Bagikan:

JAKARTA – Pemerintah melalui Kementerian Keuangan (Kemenkeu) telah melaporkan bahwa kinerja Anggaran Pendapatan dan Belanja Negara (APBN) pada sepanjang 2022 masih berada dalam jalur yang positif.

Catatan terakhir menyebutkan bahwa hingga September kondisi keuangan negara masih membukukan surplus Rp60,9 triliun.

Sebelumnya, instrumen fiskal berturut-turut meraup surplus di Januari sebesar Rp28,9 triliun, Februari surplus Rp19,7 triliun, Maret surplus Rp10,3 triliun, April surplus Rp103,1 triliun.

Kemudian, Mei surplus sebesar Rp132,2 triliun, Juni surplus Rp73,6 triliun, Juli surplus sebesar Rp106,1 triliun, dan Augustus surplus Rp107,4 triliun.

Menteri Keuangan (Menkeu) Sri Mulyani menyatakan bahwa torehan impresif itu setidaknya disebabkan oleh dua hal. Pertama, efek peningkatan harga komoditas ekspor RI sehingga pemerintah mendapat keuntungan (windfall) dari sesi penerimaan negara.

“Kedua, hasil positif ini juga didukung oleh pemulihan ekonomi nasional yang kini terus melanjutkan penguatan,” ujarnya dalam konferensi pers APBN Kita beberapa waktu lalu.
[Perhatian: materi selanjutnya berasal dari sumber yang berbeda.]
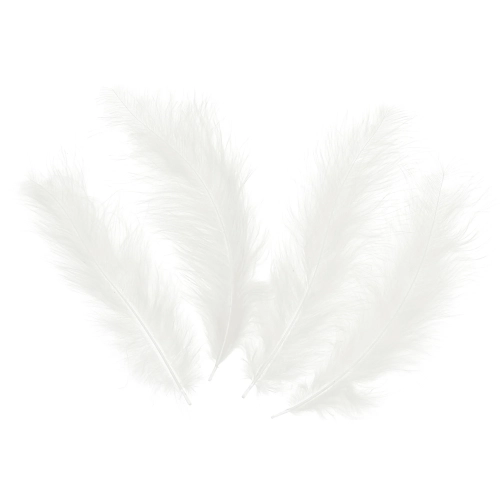 Confetti albe în formă de pene pentru nuntă și petreceri, 50 bucăți (10–15 cm)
Pernyataan bendahara negara itu bukan tanpa alasan. Pasalnya, laju pertumbuhan ekonomi Indonesia konsisten berada di level tinggi dalam tiga kuartal secara beruntun. Alhasil, target pertumbuhan di atas 5 persen pada penutupan tahun diharapkan bisa tercapai.

Lebih lanjut, kinerja moncer APBN yang terus membukukan surplus rupanya juga ditopang oleh belum dibayarkannya kewajiban subsidi dan kompensasi kepada dua BUMN utama, yaitu Pertamina dan PLN.
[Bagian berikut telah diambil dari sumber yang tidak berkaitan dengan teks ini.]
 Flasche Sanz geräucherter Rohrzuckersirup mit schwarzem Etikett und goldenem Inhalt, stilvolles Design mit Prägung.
Hal ini diakui langsung oleh Menkeu. Menurut dia, proses administrasi dan kelengkapan data baru selesai pada Oktober lalu.

“Pemerintah akan melakukan pembayaran kompensasi sekitar Rp163 triliun, dengan rincian Rp132,1 triliun untuk Pertamina dan Rp31,2 triliun untuk PLN. Ini kita usahakan untuk bisa cair pada Oktober karena seluruh persyaratan sudah mendapat review (persetujuan) dari BPK dan juga berkoordinasi dengan tiga menteri terkait serta dua menteri yang lain,” tuturnya.

Sehingga, dengan dipenuhinya kewajiban pemerintah tersebut maka kemungkinan APBN bakal kembali pada ‘kondisi normal’ defisit sejalan dengan ketetapan Perpres 98/2022 yang meyakini anggaran akan minus Rp840,2 triliun.